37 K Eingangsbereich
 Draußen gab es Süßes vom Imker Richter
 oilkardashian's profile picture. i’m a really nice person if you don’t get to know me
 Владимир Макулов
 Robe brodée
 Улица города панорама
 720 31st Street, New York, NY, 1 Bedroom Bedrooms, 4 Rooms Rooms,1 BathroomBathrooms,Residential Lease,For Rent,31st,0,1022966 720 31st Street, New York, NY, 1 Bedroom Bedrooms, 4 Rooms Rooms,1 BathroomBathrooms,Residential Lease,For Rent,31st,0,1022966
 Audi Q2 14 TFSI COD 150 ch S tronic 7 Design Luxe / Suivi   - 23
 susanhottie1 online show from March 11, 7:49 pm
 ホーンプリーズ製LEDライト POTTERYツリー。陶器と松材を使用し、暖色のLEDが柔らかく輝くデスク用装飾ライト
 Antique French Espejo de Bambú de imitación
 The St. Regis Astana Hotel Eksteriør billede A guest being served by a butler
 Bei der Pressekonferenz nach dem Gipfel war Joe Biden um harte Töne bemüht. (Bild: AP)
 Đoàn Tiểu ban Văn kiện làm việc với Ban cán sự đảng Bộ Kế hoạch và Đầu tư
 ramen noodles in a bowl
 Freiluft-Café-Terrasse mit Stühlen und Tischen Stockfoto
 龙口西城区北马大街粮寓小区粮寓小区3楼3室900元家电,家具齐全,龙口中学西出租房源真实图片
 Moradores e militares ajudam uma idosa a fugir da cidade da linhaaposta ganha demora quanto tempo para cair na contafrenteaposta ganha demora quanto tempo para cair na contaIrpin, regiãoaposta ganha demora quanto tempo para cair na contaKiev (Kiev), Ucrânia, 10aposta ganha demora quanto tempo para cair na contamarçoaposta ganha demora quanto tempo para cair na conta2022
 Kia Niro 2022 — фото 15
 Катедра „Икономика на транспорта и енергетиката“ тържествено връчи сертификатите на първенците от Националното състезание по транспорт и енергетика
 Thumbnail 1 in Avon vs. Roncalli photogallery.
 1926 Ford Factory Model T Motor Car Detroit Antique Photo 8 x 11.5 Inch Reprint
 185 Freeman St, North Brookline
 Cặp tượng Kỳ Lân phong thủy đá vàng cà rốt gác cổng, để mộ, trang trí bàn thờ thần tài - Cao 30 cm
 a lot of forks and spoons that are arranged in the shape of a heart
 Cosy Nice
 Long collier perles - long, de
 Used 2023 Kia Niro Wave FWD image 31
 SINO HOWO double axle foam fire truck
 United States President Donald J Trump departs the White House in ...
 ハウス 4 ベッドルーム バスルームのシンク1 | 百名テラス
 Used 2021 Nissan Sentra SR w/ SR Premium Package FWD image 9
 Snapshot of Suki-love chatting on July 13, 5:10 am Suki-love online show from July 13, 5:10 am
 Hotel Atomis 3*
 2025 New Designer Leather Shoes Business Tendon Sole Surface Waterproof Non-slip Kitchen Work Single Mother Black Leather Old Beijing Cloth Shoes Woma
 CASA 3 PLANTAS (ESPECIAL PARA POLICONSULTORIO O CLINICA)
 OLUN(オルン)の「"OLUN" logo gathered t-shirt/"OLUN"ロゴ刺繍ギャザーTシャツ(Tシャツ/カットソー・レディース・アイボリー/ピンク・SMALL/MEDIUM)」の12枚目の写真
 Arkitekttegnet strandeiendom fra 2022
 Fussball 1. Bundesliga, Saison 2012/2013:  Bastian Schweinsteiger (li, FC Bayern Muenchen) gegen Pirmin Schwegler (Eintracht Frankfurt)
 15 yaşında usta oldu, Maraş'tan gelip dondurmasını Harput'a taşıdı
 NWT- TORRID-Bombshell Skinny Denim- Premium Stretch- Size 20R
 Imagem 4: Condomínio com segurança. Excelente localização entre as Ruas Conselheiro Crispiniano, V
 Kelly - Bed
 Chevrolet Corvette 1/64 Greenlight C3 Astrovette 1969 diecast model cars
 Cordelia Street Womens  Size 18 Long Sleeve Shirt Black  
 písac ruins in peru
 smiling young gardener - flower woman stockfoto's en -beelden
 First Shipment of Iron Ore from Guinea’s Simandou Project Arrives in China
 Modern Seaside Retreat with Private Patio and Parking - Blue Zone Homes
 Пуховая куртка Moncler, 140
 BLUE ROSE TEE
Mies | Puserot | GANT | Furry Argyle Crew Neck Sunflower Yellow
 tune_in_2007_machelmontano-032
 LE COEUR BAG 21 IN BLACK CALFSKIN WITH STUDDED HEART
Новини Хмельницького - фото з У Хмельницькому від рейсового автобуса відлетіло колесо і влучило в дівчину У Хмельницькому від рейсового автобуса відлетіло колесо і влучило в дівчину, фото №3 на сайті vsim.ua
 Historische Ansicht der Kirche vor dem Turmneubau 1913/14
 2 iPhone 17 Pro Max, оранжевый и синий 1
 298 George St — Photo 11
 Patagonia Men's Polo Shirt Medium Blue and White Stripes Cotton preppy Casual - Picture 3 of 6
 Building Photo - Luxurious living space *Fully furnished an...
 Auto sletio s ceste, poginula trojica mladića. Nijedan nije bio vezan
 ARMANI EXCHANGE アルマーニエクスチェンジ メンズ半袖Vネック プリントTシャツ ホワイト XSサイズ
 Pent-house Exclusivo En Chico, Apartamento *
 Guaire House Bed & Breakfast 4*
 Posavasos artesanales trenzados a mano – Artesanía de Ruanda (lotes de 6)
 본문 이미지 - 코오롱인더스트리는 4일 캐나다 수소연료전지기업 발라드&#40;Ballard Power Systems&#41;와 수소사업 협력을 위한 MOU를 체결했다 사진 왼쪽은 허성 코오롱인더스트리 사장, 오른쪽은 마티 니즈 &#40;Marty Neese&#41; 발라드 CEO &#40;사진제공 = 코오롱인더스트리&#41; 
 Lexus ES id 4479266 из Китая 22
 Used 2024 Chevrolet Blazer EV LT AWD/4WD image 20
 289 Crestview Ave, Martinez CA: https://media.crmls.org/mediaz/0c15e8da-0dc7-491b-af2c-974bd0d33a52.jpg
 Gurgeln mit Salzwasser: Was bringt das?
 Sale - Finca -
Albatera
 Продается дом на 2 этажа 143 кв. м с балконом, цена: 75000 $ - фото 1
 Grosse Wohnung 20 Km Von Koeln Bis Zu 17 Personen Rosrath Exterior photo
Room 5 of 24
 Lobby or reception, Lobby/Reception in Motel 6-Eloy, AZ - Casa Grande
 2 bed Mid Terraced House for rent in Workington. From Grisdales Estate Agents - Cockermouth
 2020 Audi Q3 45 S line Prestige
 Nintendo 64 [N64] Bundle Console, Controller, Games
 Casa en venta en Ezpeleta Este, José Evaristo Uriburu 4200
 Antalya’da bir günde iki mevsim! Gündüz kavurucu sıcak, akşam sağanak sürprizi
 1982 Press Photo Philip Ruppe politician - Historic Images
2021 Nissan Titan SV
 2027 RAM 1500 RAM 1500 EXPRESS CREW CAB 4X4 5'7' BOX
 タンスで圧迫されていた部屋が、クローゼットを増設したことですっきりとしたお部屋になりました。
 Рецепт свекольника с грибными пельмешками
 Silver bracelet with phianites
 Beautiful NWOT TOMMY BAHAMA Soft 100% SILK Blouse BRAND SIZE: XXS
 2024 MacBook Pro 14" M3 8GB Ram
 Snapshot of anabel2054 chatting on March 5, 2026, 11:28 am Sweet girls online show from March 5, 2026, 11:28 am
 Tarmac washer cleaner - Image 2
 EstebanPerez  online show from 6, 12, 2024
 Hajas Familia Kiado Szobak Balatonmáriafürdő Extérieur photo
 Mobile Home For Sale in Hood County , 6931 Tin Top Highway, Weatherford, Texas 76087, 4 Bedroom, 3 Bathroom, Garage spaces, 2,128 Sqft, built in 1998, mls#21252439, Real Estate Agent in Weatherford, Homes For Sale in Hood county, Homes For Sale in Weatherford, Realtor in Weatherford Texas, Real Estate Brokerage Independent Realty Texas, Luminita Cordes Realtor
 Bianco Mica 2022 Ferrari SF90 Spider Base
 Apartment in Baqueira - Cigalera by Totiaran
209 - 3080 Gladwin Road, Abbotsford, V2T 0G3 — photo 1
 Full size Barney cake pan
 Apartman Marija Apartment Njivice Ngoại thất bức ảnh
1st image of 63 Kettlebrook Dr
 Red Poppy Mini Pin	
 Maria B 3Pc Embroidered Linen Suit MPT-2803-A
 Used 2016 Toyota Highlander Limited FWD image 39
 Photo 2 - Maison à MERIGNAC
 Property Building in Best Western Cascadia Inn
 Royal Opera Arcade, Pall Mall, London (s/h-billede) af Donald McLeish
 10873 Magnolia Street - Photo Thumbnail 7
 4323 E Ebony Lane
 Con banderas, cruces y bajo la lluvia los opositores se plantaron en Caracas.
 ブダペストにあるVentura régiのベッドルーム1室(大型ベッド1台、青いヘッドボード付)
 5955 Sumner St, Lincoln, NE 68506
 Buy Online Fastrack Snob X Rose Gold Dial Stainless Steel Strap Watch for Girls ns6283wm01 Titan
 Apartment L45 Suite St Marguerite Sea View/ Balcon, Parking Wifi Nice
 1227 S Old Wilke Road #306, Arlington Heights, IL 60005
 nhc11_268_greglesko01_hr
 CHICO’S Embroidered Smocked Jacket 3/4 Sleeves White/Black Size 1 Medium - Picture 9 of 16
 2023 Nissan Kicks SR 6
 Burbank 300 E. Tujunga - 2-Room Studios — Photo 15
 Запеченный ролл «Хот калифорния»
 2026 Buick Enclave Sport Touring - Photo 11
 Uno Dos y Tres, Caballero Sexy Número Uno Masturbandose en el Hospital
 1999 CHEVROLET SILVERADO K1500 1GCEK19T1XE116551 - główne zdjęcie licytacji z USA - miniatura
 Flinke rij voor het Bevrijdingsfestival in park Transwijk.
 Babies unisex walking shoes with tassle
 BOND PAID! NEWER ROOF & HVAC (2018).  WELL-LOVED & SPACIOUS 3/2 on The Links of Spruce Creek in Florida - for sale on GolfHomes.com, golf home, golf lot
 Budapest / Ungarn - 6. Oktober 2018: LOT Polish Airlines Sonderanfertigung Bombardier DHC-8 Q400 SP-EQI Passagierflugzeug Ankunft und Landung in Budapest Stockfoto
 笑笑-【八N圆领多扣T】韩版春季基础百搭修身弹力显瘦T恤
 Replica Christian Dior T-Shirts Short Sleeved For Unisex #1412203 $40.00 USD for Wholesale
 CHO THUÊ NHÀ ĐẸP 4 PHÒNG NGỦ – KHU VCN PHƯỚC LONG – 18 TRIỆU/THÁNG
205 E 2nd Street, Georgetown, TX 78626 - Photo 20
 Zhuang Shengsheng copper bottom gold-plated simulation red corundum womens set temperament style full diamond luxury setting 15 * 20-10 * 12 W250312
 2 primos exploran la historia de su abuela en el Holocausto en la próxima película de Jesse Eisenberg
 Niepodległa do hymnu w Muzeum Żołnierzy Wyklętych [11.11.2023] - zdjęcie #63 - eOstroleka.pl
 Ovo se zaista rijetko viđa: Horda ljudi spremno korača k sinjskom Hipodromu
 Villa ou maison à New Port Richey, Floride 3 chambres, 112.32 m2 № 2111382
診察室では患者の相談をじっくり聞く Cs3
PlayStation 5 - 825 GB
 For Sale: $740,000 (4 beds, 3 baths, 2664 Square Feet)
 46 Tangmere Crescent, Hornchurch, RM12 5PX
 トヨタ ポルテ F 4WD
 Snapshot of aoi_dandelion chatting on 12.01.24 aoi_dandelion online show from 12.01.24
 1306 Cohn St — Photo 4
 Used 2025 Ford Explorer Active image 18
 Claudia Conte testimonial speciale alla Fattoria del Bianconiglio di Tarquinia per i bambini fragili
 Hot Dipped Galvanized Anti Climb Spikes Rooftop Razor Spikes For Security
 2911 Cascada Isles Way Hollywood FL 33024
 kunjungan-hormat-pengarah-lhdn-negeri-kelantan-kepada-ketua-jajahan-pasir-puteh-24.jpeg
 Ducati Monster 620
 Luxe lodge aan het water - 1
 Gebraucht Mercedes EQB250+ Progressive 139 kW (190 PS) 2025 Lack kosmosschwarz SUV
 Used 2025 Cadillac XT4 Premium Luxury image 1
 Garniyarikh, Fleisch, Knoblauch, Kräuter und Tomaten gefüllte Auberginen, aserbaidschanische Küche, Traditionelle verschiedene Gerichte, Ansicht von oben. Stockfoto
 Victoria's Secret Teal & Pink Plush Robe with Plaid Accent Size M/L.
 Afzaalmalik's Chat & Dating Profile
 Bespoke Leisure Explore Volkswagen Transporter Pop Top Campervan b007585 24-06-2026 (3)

------------------------------------

--- YOUR INSTRUCTIONS ---
Only the lines above from the one with "1st image of 63 Kettlebrook Dr" up to and including the one with "nhc11_268_greglesko01_hr" should be repeated, exactly as written.

--- SOLUTION TO THE PROBLEM ---
1st image of 63 Kettlebrook Dr
 Red Poppy Mini Pin	
 Maria B 3Pc Embroidered Linen Suit MPT-2803-A
 Used 2016 Toyota Highlander Limited FWD image 39
 Photo 2 - Maison à MERIGNAC
 Property Building in Best Western Cascadia Inn
 Royal Opera Arcade, Pall Mall, London (s/h-billede) af Donald McLeish
 10873 Magnolia Street - Photo Thumbnail 7
 4323 E Ebony Lane
 Con banderas, cruces y bajo la lluvia los opositores se plantaron en Caracas.
 ブダペストにあるVentura régiのベッドルーム1室(大型ベッド1台、青いヘッドボード付)
 5955 Sumner St, Lincoln, NE 68506
 Buy Online Fastrack Snob X Rose Gold Dial Stainless Steel Strap Watch for Girls ns6283wm01 Titan
 Apartment L45 Suite St Marguerite Sea View/ Balcon, Parking Wifi Nice
 1227 S Old Wilke Road #306, Arlington Heights, IL 60005
 nhc11_268_greglesko01_hr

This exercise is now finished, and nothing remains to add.